Does that mean she'll be at every practice?

"No, because I have a job to do. But it does mean that I know it's my decision to make—that I can take care of my family and my work in a way I have the maximum potential to do both well."

But this is business. Where is the value?

"What's good for us is good for the business," Bronk said. "They work very harmoniously."

OST's guiding principals are part of the company's equation for success: If OST hires individuals whose values align with company principals and has access to customers whose values align with company values, OST will be healthy, successful, profitable, growing and sustainable.

And when that equation doesn't work—as Bronk notes, "we all have seasons in business when profitability is low or something feels off or we're not hitting our numbers"—they go back to the equation and ask if they have people who align with their values.

"People who contradict what you're trying to foster either have to be brought along or gone. Not following that equation isn't an option. That's why people came to work for us. Our ability to stay true to who we are allows for trust in those moments, so that as those seasons happen, people don't overreact: They band together."

Isn't the customer always right?

"If a customer isn't delighted, they're not wrong," Bronk said. "We have to fix that."

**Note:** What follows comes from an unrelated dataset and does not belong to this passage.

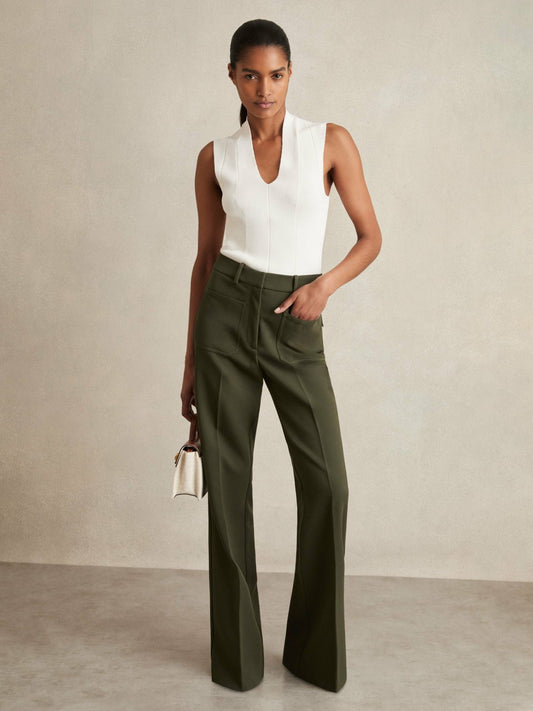 Petite Twill Patch-Pocket Flared Trousers in Green Women | Reiss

"It's not about who's right or wrong," added Michael Lomonaco, director of marketing and communications. "It's a humbling 'Help me understand why you think that.' From there, it's a discussion. Maybe a compromise. It creates an opportunity, rather than a vacuum of thought."

Yet if the solution becomes a contradiction to honoring employees and their families, OST prioritizes its employees.

The conflict doesn't happen often. In the past 15 years, OST has only walked away from one account. "They didn't treat our team the way we believed our team needed to be treated. It was hostile, at best," Bronk said. "That's really where the rubber meets the road."

It's about authenticity.

Whether an employee, customer or organization, everyone has a choice with whom they work and do business. OST's employees-first business model may not be the answer for everyone.

"I think it's important first to understand who you are as a company as your own personality," Bronk said. "Collective groups of people have a personality."

The business model stems from that personality. Honoring one another is how OST, its employees and its customers best operate.

"You get to bring your whole self to work," Bronk said. "In a time and industry where innovation and thought leadership and creative new ideas are absolutely critical, bringing your complete self allows you to fully enter those conversations of innovation. Diversity of thought. Diversity of ideas. Debate. Disagreement. Honor is disagreeing. Honor is: I love you and I want to know if you think my idea is stupid. And it might be!"

Or it might not be.

OST is a 21-year-old-technology company partnering with companies on digital strategies. OST thrives on innovation and entrepreneurship.

"The idea of what we're doing externally and how we run our business internally is married," Bronk said. "We want to change how the world connects."